‘How to be a Fig?’ is the brainchild of artist and naturalist Abhisheka Krishanagopal. A wildlife researcher by profession, she is also trained in visual and performing arts. For several years, Abhisheka has lived in close proximity with urban wildlife, nursing and caring for injured and abandoned wildlife; worked in wild areas in different regions of the country conducting research on birds; has spent time in several remote villages teaching children and youth to appreciate and value their natural environment. Nature and Art have been an inseparable part of Abhisheka’s life ever since her childhood. While she prefers the company of trees and animals to human company, she finds it easier to express her thoughts through the medium of art than through words. Through the project ‘How to be a Fig?’ she brings together scientists, artists, writers and performers to understand and appreciate the importance of the ficus in the ecosystem.
Veena is a contemporary movement artist from India. Having worked with dance companies like Shobana Jeyasingh Dance Company, Sadhana and Angika in the UK and also Indian based dance institutions, she has performed extensively across UK and Europe. She is an independent performer and choreographer who has collaborated with individuals from various fields like theatre, visual arts & music. Her choreographic works have been featured in various festivals in many countries. She has done her MA in South Asian Dance Studies from Rehampton University UK and has written many essays and critiques about South Asian Dance. As an educator she has worked with individuals of different ages and abilities. Her latest project named ‘How to be a Fig?’, is in collaboration with Artecology Initiative that brings together ecologists, researchers, performing and visual artists together to explore and communicate through movement the importance and role of fig trees in our eco-system.

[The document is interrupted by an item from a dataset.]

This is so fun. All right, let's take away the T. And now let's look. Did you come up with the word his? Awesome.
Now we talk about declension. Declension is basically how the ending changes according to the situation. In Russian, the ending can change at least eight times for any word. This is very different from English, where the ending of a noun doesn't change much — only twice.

A graduate student at the Centre for Ecological Sciences, Indian Institute of Science, Bangalore, India Vignesh’s interests include all things ecology or pertaining to the natural world; natural ecosystems, ecological processes and evolution have been the sort of things that fascinate him. For his Ph.D. Vignesh is investigating the mutualism centered around figs and their associated fig wasps. Fig wasps are extremely small and short lived. In order to complete their life-cycles, they manage to locate host trees that are usually a few kilometers apart. He is currently trying to figure out how they overcome this challenge by studying their flight capabilities. Vignesh is also passionate about science-communication and teaching.
Mike Shanahan is a UK based freelance writer with a doctorate degree in rainforest ecology; his work focuses on rainforests, climate change, biodiversity and related issues. He has lived in a national park in Borneo, bred endangered penguins, investigated illegal bear farms, produced award-winning journalism and spent several weeks of his life at the annual United Nations climate change negotiations. He is interested in what people think about nature and our place in it. His freelance journalism include works published by The Economist, Nature, The Ecologist and Ensia, and some chapters of Dry: Life without Water (Harvard University Press); Climate Change and the Media (Peter Lang Publishing), and Culture and Climate Change: Narratives (Shed). He is the illustrator of Extraordinary Animals (Greenwood Publishing Group) and maintains a blog called Under the Banyan. In 2016, his book about how fig trees have shaped our world, influenced diverse cultures and can help us restore life in degraded rainforests was published in the UK as Ladders to Heaven and in North America as Gods, Wasps and Stranglers.